La película On Falling nos muestra a una protagonista que parece dejarse llevar por la vida sin mucha fuerza para decidir. No lucha, no se rebela, simplemente se acomoda a lo que le toca: un trabajo vacío, relaciones superficiales y el móvil como compañía constante. Pero su pasividad no nace de la nada: es la consecuencia de una infancia sin alimento para la imaginación.
Elena Fortún lo tenía claro: los niños necesitan cuentos, fábulas, leyendas. No son solo entretenimiento, son raíces, ventanas a otros mundos, brújulas que nos enseñan a imaginar y a darle sentido a lo que vivimos. Crecer sin ellos es como crecer en un desierto: te falta sombra, te falta aire, te falta magia.

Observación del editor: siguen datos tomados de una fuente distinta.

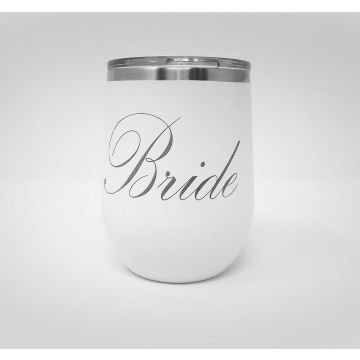 Bride 12oz Stemless 'Polar Camel' Tumbler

La protagonista de On Falling no tuvo esas historias. No hubo libros que la hicieran soñar, ni relatos que le enseñaran a hacerse preguntas. Así es como llega a la adultez con pocas herramientas para resistir la rutina: el trabajo se convierte en una cárcel y el móvil en un sustituto de compañía.
Educadores como Paulo Freire o pensadores como Adorno y Illich ya lo habían advertido: cuando la educación no despierta la curiosidad ni invita a pensar, nos convierte en piezas de un engranaje. Personas obedientes, conformes, incapaces de imaginar alternativas. Y eso es justo lo que vemos en la película: una mujer atrapada en una vida que no eligió, pero de la que tampoco sabe escapar.
Lo duro es que su historia no es solo la de un personaje de cine. Es el reflejo de muchas vidas de hoy. Infancias sin cuentos, sin libros, sin relatos compartidos… Adultos que caminan en piloto automático, sin sentido y con la pantalla siempre en la mano.
On Falling nos lanza una advertencia clara: si no alimentamos la imaginación desde pequeños, crecemos con un vacío que ninguna aplicación puede llenar. Porque los cuentos de la infancia no eran solo para dormir: eran, sobre todo, para despertarnos.